El geminiano suspiró y se encogió de hombros.
— Supongo que le daré otra oportunidad— volteó y miró a Camus pícaramente— así tengamos que hacer tríos contigo y todo eso.
— ¡Oh, Saga, basta! –rió el francés— ¡Aún no sirves para ser como Kanon!
— Sí, tienes razón, no sirvo para estas cosas— sonrió con resignación.
— Tienes tanto que aprender…
Entraron al comedor y los sedujo el olor del almuerzo. El Caballero de Escorpio, estaba dando vueltas en círculos con algo entre sus manos y paró su marcha al ver a su mejor amigo y al hombre que le volvía loco. Se fue a paso rápido a una esquina apartada de ellos.
— Saga… ¡tu gorrito cursi es muy molesto!— le dijo Máscara Mortal con su usual sonrisa sardónica— ¡Pareces un triste concierto navideño!
— No tienes moral para decirme eso, llevando ese infantil suéter de renos, ¡jajajajajajaja!
Afrodita entró al comedor y miró a Saga con unas falsas lagrimitas en sus ojos.
— ¿Lo hice con tanto amor y ustedes se burlan?
— ¿Y ahora tú tejes suéteres? –Camus buscó examinar de cerca la prenda pero el italiano se apartó con indignación.
— Bueno… no –el pisciano bajó la cabeza— pero me costó mucho dinero, ¡jum!
Los muchachos reían alegremente, y mientras Milo miraba desde su esquina a Saga, sin decir nada.
Así pasaron toda la tarde, en el comedor, bebiendo y compartiendo, hasta que finalmente comenzó a caer la noche y empezaron a dispersarse por las distintas casas.
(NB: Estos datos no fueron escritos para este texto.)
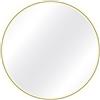 SENSEA Specchio con illuminazione integrata bagno tondo SENSEA L 100 x H 100 x P 3.85 cm nero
Saga se quedó sólo y Milo seguía en su esquina. Fijó sus orbes en él y sin mediar palabras se le acercó y besó sus labios.
— Feliz Navidad, Milo— le dijo en voz baja y le dio otro beso, un poco más apasionado que el anterior.
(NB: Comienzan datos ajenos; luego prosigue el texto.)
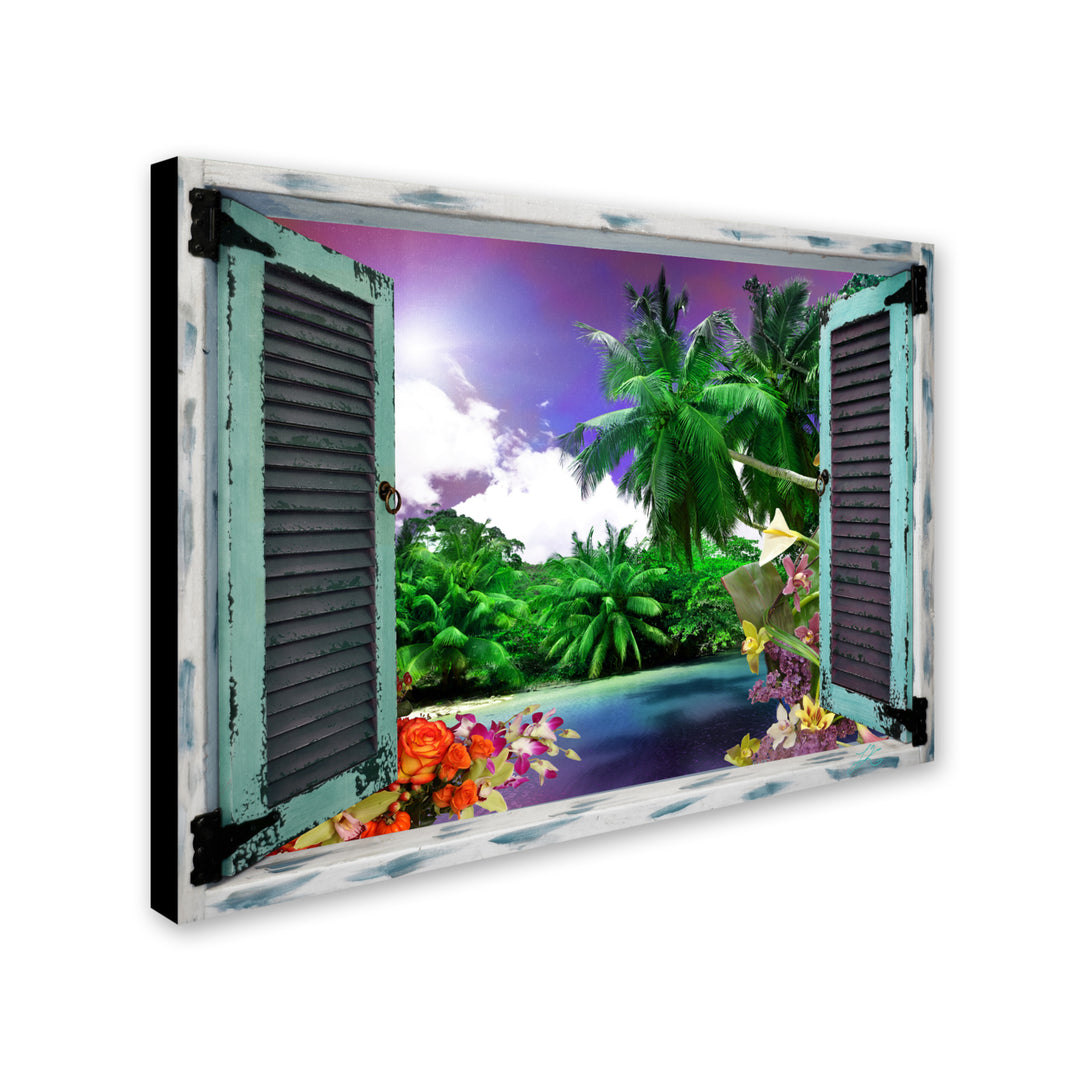 Leo Kelly Tropical Window to Paradise I 14 x 19 Canvas Art Image 2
El escorpión lo miró sorprendido y le tendió una cajita pequeña, de color esmeralda y un lazo dorado muy elaborado. El de ojos esmeraldas se lo rechazó.
— Mi único regalo es el que me vas a dar en este momento, en tu templo, insecto del mal.
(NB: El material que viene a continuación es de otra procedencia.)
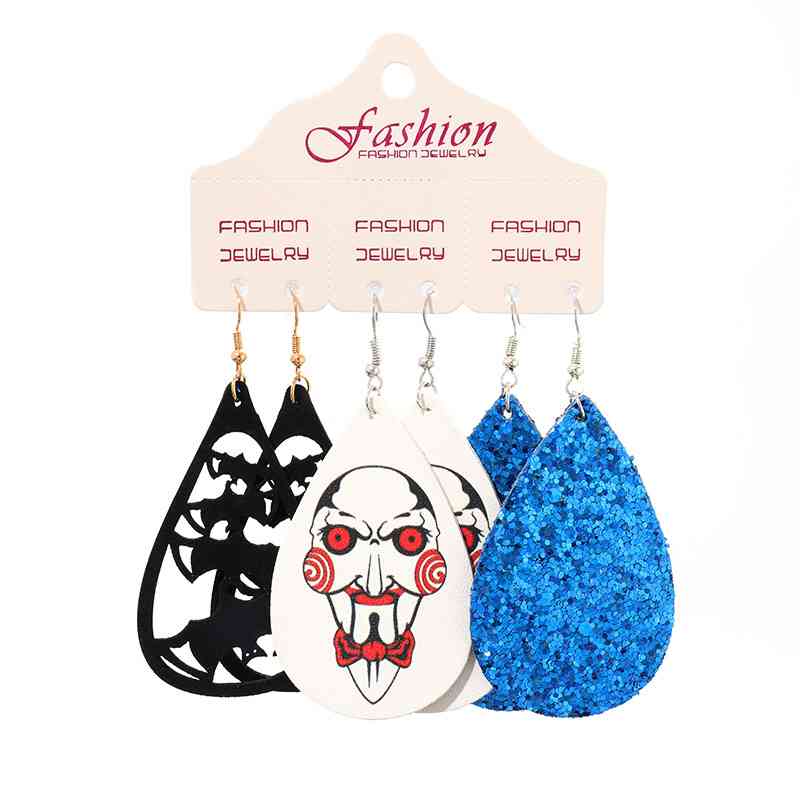 Boucles d'oreilles pendantes en forme de larme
Saga lo tomó de la mano y lo haló escaleras arriba. Mientras subían tomados de las manos, y en silencio, Milo miró al cielo, la luna estaba inmensa y una estrella fugaz había aparecido de la nada. Su deseo había sido concedido.
Sonrió y habló finalmente.
— Feliz Navidad a ti también, Saga.
FIN
Y después de tantos años... 7 y medios, para ser exactos, finalicé este fanfic. Tenía 17 o 18 años cuando lo escribí, fue el tercero que escribí. Estoy muy contenta de publicarlo y finalmente, terminarlo.
Gracias a los que lo han seguido todo este tiempo, a los que lo leyeron completo, a todos, gracias!
A parte de todo, ya esta noche estaremos dándole la bienvenida al 2013! OMG el mundo sigue girando!
Es una pequeña casi-costumbre mía publicar mis propósitos de año nuevo al pie de mis fics.
Primero: Divertirme con frecuencia y sanamente
Segundo: Estresarme menos
Tercero: Organizar mi tiempo productiva y efectivamente
Cuarto: Mudarme a un lugar cómodo y estable.
Quinto: Reingresar en la UDO (T_T tanto que luché por entrar y dejé la carrera a medias)
Sexto: Cumplir mis rutinas de ejercicio
Séptimo: Hacer al menos 3 cosplays más
Octavo: Viajar por placer al menos una vez
Noveno: terminar y subir mis fanfics pendientes
Décimo: cambiar de ramo
Décimoprimero: ir más a la playa, vivo en una isla, por dios!
Décimosegundo: Leer más libros
Décimotercero: Darle mucho más amor y cariño a mi pareja.
Y ustedes, ¿qué propósitos de año nuevo tienen?
Recuerden, no se deshagan ni acallen a su niño interior, porque es el que les recuerda que somos humanos y que no todo son responsabilidades, estrés y problemas.
¡Les deseo a todos un próspero y feliz año 2013!